» **Task statement**:
Once the data has been read, return all of it precisely as written.

» **Data excerpt**:
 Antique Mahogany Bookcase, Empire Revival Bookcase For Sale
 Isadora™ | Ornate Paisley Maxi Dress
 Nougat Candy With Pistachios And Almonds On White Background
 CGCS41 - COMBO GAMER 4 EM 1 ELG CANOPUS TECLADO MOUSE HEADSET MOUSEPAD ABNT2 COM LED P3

» **Solution for this exercise**:
 Antique Mahogany Bookcase, Empire Revival Bookcase For Sale
 Isadora™ | Ornate Paisley Maxi Dress
 Nougat Candy With Pistachios And Almonds On White Background
 CGCS41 - COMBO GAMER 4 EM 1 ELG CANOPUS TECLADO MOUSE HEADSET MOUSEPAD ABNT2 COM LED P3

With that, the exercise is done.